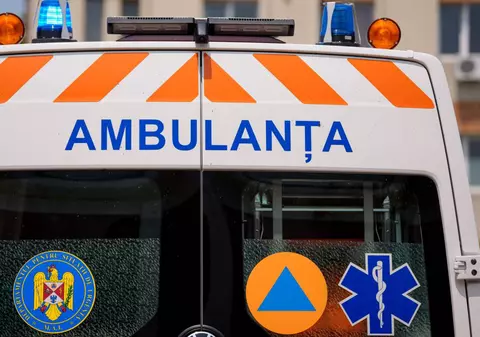 O fetiță de doi ani a murit după ce a căzut de la etaj într-un bloc din sectorul 1. Medicii au făcut tot posibilul să o salveze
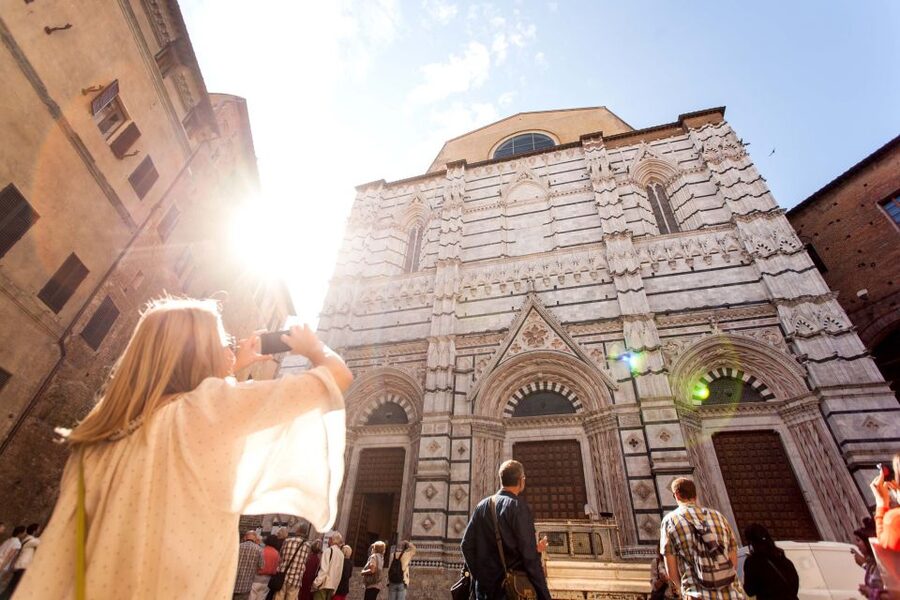 Florence: Siena, San Gimignano & Monteriggioni with Tasting - Siena and the drama of Piazza del Campo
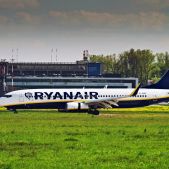 Boeing 737-8AS #EI-DWO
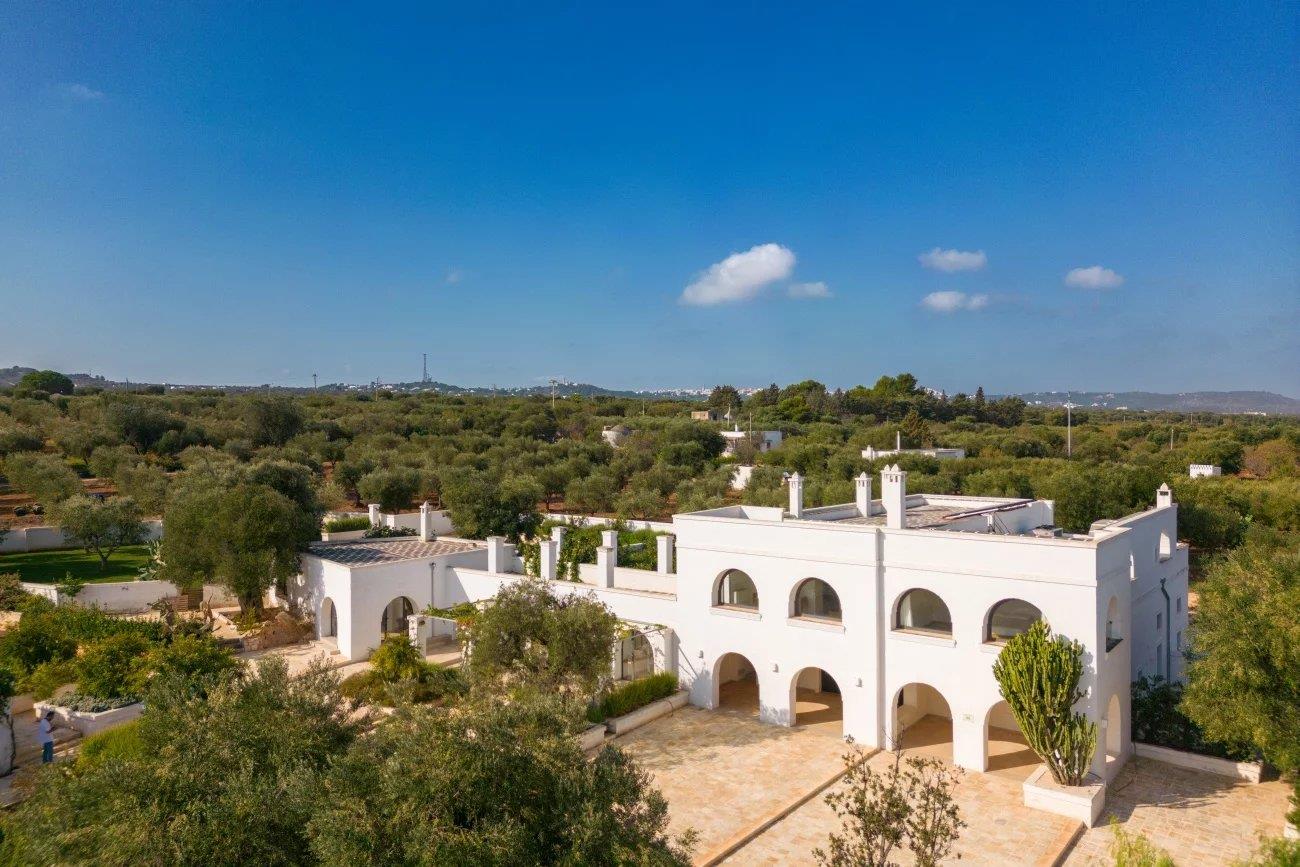Masseria for sale in Ostuni with sea view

....

### ABOUT THIS EXERCISE
Write out everything in the data word for word. Omit each picture.

### EXERCISE RESPONSE
 O fetiță de doi ani a murit după ce a căzut de la etaj într-un bloc din sectorul 1. Medicii au făcut tot posibilul să o salveze
 Florence: Siena, San Gimignano & Monteriggioni with Tasting - Siena and the drama of Piazza del Campo
 Boeing 737-8AS #EI-DWO
Masseria for sale in Ostuni with sea view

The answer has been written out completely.